The rules of the new plan are that “the timing and actual number of shares repurchased depend on a variety of factors, including price, general business and market conditions, and other investment opportunities.” The stock must be bought in the open market and applies to Facebook’s Class A common stock. Founder Mark Zuckerberg owns all of Facebook’s Class A shares and 89% of Class B shares. He has voting control of the company.

It is not surprising that the board believes Facebook shares are a bargain. The stock is down 24% this year. Among the forces asserting the downward pressure are a series of scandals involving disclosure of Facebook member data to third parties, a series of fake news incidents and worry that Facebook’s long-term growth chances have been compromised by the problems. Facebook also has been attacked for its confidential investigation of billionaire George Soros, who has been critical of the company in public.

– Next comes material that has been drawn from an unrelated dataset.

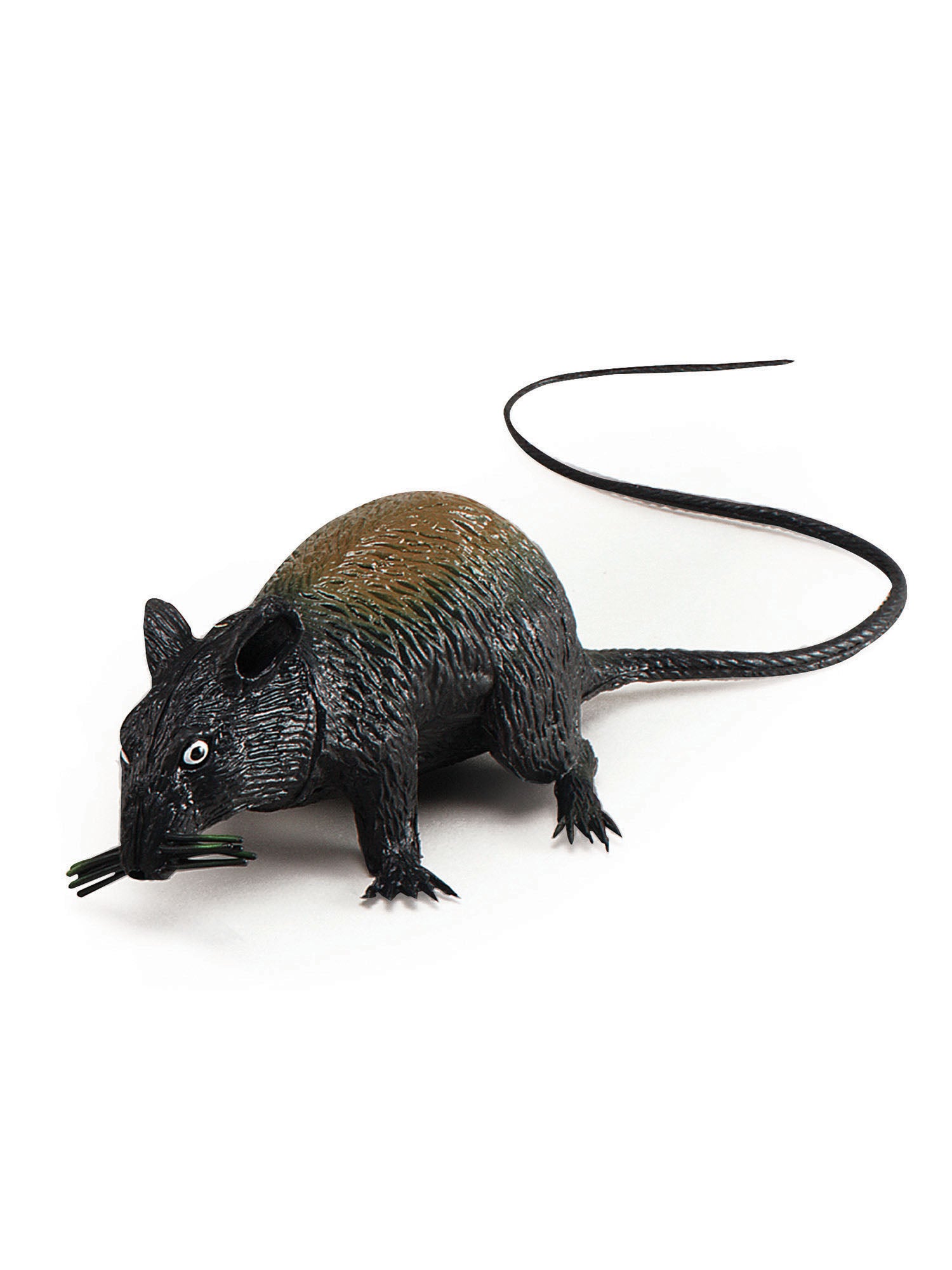 Squeaking Rat 1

Facebook has about $41 billion of cash, cash equivalents and marketable securities.

The entire filing:

On December 6, 2018, the Board of Directors (the “Board”) of Facebook, Inc. (the “Company”) approved an increase of $9.0 billion in the amount authorized under the Company’s share repurchase program. The Board has previously authorized repurchases of up to $15.0 billion of the Company’s Class A common stock under the program since it commenced in 2017, and this increase is incremental to the prior authorizations. The repurchase program does not have an expiration date and the timing and actual number of shares repurchased depend on a variety of factors, including price, general business and market conditions, and other investment opportunities. Shares may be repurchased through open market purchases or privately negotiated transactions, including through the use of trading plans intended to qualify under Rule 10b5-1 under the Securities Exchange Act of 1934, as amended.